Das nennt man eine verfahrene Situation. Eine schnelle Lösung dafür gibt es nicht. In der Diskussion um das Für und Wider von Adblockern hört man gelegentlich die Behauptung, dass Verlage ohnehin überflüssig seien. Schließlich könne heute jeder, der etwas zu sagen hat, im Internet einen Blog schreiben. Dazu brauche er keinen Verlag. 

Sind Verlage überflüssig?

Die Behauptung ist ganz ähnlich der, dass Musiker heutzutage kein Musiklabel mehr brauchten, um mit ihrer Musik berühmt und erfolgreich zu werden. Jeder, der ein bisschen musikalisches Talent hat, kann heute selbst aufnehmen und seine Songs im Internet veröffentlichen. Wer braucht da noch Musiklabels? 

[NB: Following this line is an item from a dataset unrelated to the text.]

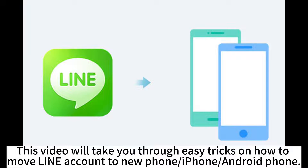This video will take you through easy tricks on how to move a LINE account to a new phone, iPhone or Android phone.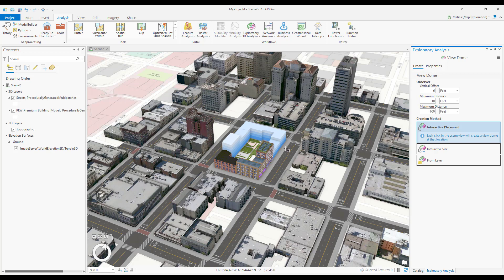The tool is now active as you can see by my cursor and the exploratory analysis pane. I am going to accept the default parameters and interactive placement creation method.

Aber ähnlich wie bei der Musik kann diese Argumentation auch beim Thema Journalismus nicht ganz richtig überzeugen. Die Veröffentlichung im Online-Portal eines Verlags erzielt natürlich eine wesentlich größere Reichweite, das heißt, sie erreicht wesentlich mehr Menschen als der Blog. Natürlich gibt es erfolgreiche Blogs, die von vielen Menschen gelesen werden. Doch das sind eher die Ausnahmen.